Quelle attitude devrait-on adopter face aux actes de délinquances des jeunes ?
Maryse Esterle-Hedibel : Aujourd’hui il existe l’ordonnance de 1945 qui privilégie l’éducation sur la répression pour les mineurs délinquants. Il y a des éducateurs du secteur privé et public qui font un travail important, dont les pouvoirs publics pourraient favoriser et renforcer l’action. Au lieu de cela, on assiste à une recrudescence de mesures et de projets de lois répressifs et de présence policière. Quand on s’habitue à voir des CRS ou des militaires dans les gares, dans le métro, dans les aéroports, on peut craindre une banalisation progressive d’une mise sous contrôle constant de la population. Récemment, à Dammarie les Lys, deux jeunes hommes ont été tués, au cours d’une course poursuite avec les forces de l’ordre. Une association, qui a essayé de dénoncer cela, a vu ses locaux littéralement saccagés par une intervention policière. En accord avec la préfecture la mairie et le bailleur social qui lui louait les locaux, elle se retrouve aujourd’hui dehors. Ceux qui applaudissent quand on renforce la répression, ne savent pas que depuis 1991 le nombre de mineurs incarcérés a doublé. Une majorité de personnes est persuadée au contraire du laxisme de la justice, pense que les jeunes délinquants bénéficient de l’impunité, alors qu’ils sont proportionnellement plus poursuivis et plus punis que les adultes. La répression est en pleine action depuis le milieu des années 90. L’idée qu’on n’a rien fait et qu’il faudrait à présent se mettre à agir est complètement fausse. Il existe d’autres moyens de répondre aux difficultés de certains jeunes. Je travaille actuellement sur les processus de déscolarisation. J’ai pu constater comment les institutions ont pu “ rater le coche ” avec des jeunes et leurs familles et comment, dans d’autres cas, il a été possible de maintenir l’adolescent dans l’école, en prenant en compte la complexité des situations qu’il pouvait vivre, ou bien de garder un lien avec lui pour l’orienter vers un apprentissage par exemple, après plusieurs mois d’arrêt de scolarité. Il y a des expériences qui existent et qui s’appuient sur des actions éducatives, sur le travail des réseaux au sein des quartiers, sur la solidarité active avec les milieux les plus en difficulté. Il est important de les faire connaître de les valoriser.
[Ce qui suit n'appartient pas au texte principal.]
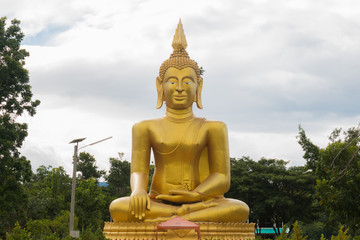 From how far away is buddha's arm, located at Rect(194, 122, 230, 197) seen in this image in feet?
33.8

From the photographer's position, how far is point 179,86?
35.6ft

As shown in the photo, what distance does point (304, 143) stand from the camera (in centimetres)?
1967

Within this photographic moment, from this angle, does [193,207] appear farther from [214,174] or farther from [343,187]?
[343,187]

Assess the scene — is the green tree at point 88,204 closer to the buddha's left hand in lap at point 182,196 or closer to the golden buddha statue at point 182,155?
the golden buddha statue at point 182,155

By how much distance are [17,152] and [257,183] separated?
1481 cm

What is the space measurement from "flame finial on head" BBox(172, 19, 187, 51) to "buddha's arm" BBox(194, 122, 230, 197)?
216 centimetres

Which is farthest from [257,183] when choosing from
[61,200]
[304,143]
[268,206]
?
[61,200]

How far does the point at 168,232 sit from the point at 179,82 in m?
3.44

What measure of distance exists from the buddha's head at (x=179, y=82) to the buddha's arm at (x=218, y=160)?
0.85 metres

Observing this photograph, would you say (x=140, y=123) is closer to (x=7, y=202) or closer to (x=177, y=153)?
(x=177, y=153)

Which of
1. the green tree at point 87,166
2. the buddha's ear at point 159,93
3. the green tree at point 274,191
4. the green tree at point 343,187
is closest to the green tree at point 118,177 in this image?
the green tree at point 87,166

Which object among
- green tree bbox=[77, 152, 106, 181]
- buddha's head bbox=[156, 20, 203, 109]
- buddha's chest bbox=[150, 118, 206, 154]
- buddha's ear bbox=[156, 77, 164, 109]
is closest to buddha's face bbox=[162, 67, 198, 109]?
buddha's head bbox=[156, 20, 203, 109]

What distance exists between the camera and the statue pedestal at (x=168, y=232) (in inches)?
371

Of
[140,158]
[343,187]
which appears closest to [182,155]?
[140,158] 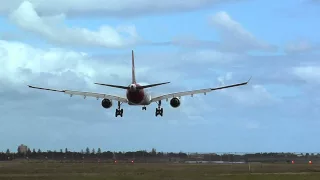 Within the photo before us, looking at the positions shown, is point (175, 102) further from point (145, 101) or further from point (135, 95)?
point (135, 95)

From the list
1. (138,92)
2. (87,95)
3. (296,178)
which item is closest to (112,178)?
(87,95)

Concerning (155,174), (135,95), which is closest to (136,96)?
(135,95)

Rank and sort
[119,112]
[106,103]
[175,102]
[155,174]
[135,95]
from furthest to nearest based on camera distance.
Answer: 1. [155,174]
2. [119,112]
3. [175,102]
4. [106,103]
5. [135,95]

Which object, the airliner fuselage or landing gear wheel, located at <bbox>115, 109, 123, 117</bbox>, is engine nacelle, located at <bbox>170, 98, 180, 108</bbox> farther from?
landing gear wheel, located at <bbox>115, 109, 123, 117</bbox>

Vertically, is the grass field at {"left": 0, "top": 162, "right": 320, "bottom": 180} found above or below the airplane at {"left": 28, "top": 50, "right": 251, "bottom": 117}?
below

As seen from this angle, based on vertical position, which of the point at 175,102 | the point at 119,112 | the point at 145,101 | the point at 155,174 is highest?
the point at 145,101

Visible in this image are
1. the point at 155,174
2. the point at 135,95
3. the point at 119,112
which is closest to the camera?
the point at 135,95

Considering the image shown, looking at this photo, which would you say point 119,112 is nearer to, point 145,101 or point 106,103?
point 106,103

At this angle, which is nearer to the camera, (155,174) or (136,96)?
(136,96)

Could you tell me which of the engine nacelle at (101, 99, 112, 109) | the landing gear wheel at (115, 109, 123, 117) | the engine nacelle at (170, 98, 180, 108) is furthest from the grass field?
the engine nacelle at (170, 98, 180, 108)

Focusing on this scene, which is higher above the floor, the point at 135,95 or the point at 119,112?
the point at 135,95

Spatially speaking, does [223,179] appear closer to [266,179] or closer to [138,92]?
[266,179]

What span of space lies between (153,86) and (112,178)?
26.5 metres

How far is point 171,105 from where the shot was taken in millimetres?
86875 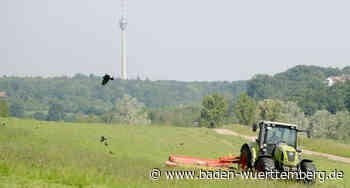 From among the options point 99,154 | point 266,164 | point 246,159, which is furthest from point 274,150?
point 99,154

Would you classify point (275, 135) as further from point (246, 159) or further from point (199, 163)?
point (199, 163)

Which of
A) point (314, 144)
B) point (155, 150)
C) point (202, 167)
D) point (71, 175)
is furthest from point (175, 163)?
point (314, 144)

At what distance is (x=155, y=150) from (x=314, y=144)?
75.3 feet

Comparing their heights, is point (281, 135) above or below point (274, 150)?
above

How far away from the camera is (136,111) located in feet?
431

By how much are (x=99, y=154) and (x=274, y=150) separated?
10.5 m

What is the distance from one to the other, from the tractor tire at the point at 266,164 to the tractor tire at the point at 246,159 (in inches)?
46.2

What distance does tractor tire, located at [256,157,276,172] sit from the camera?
16578 mm

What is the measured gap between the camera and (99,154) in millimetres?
24531

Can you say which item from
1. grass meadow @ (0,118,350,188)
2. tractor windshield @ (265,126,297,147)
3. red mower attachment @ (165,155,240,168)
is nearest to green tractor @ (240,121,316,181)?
tractor windshield @ (265,126,297,147)

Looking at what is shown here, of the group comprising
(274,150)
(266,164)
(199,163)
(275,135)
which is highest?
(275,135)

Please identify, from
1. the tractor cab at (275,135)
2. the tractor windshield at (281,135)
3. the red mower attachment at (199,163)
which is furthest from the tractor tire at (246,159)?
the tractor windshield at (281,135)

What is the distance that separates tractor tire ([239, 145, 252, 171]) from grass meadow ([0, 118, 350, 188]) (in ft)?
10.2

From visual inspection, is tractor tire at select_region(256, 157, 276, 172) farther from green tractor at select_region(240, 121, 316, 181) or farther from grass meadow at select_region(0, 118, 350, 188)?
grass meadow at select_region(0, 118, 350, 188) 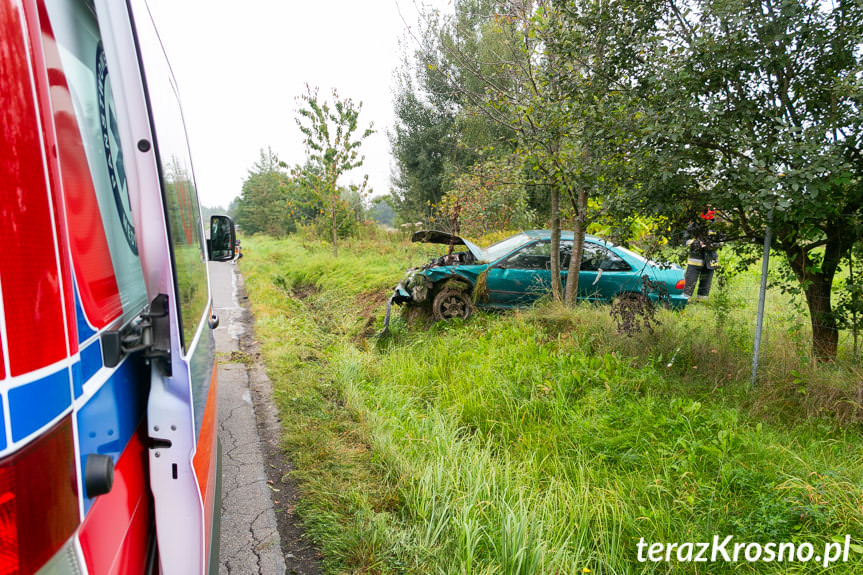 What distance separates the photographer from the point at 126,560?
4.37 ft

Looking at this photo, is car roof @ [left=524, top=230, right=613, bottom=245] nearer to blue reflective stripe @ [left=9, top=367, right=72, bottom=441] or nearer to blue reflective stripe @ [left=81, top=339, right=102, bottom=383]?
blue reflective stripe @ [left=81, top=339, right=102, bottom=383]

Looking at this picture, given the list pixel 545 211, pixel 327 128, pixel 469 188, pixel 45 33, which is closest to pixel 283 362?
pixel 45 33

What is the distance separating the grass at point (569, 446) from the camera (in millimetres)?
2701

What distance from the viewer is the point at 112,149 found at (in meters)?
1.68

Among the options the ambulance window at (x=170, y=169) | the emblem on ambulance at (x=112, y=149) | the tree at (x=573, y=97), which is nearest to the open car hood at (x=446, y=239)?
the tree at (x=573, y=97)

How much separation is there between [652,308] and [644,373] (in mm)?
772

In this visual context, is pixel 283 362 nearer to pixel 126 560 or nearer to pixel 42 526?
pixel 126 560

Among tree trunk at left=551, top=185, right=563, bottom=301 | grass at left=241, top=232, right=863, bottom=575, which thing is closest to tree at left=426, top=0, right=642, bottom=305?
tree trunk at left=551, top=185, right=563, bottom=301

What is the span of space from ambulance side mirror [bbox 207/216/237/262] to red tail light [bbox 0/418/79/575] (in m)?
2.82

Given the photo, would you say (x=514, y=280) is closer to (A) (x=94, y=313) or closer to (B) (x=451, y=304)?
(B) (x=451, y=304)

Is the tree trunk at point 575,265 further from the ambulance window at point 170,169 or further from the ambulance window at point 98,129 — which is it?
the ambulance window at point 98,129

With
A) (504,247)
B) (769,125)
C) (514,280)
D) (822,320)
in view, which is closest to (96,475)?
(769,125)

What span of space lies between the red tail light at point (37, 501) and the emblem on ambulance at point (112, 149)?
3.00 feet

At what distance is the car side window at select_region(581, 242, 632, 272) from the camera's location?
735cm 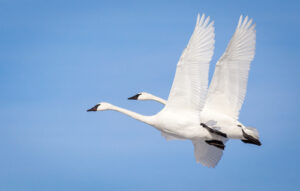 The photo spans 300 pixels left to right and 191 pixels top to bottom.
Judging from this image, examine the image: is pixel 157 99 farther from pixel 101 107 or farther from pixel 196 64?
pixel 196 64

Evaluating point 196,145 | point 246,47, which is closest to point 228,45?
point 246,47

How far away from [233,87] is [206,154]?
2432 mm

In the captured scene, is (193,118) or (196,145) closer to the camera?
(193,118)

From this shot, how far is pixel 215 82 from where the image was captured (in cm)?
2061

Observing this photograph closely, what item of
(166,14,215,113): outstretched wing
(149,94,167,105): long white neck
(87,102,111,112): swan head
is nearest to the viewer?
(166,14,215,113): outstretched wing

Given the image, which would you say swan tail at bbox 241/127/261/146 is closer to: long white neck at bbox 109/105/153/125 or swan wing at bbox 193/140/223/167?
swan wing at bbox 193/140/223/167

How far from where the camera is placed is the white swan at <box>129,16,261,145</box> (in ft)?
66.7

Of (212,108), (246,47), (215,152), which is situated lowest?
(215,152)

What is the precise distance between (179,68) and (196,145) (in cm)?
395

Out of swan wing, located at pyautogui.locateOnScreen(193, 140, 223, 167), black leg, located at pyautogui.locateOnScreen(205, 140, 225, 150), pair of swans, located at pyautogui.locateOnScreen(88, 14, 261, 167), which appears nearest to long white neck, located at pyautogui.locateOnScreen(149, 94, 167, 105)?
pair of swans, located at pyautogui.locateOnScreen(88, 14, 261, 167)

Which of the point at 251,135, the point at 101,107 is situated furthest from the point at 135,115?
the point at 251,135

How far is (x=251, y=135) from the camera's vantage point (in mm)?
20359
Maryse Esterle-Hedibel a publié en 1997, aux éditions L’Harmattan “ La bande, le risque et l’accident ”
Claris est un groupe réunissant des chercheurs professionnels et indépendants refusant les discours médiatiques et politiques, axés sur le simplisme et les artifices. Il propose un autre discours sur la délinquance juvénile, qui ne nie aucune réalité mais qui s'efforce de la comprendre de façon précise et donc d'orienter la réflexion sur les solutions adéquates. Les membres de Claris interviennent dans le débat public et peuvent être sollicités pour animer des rencontres.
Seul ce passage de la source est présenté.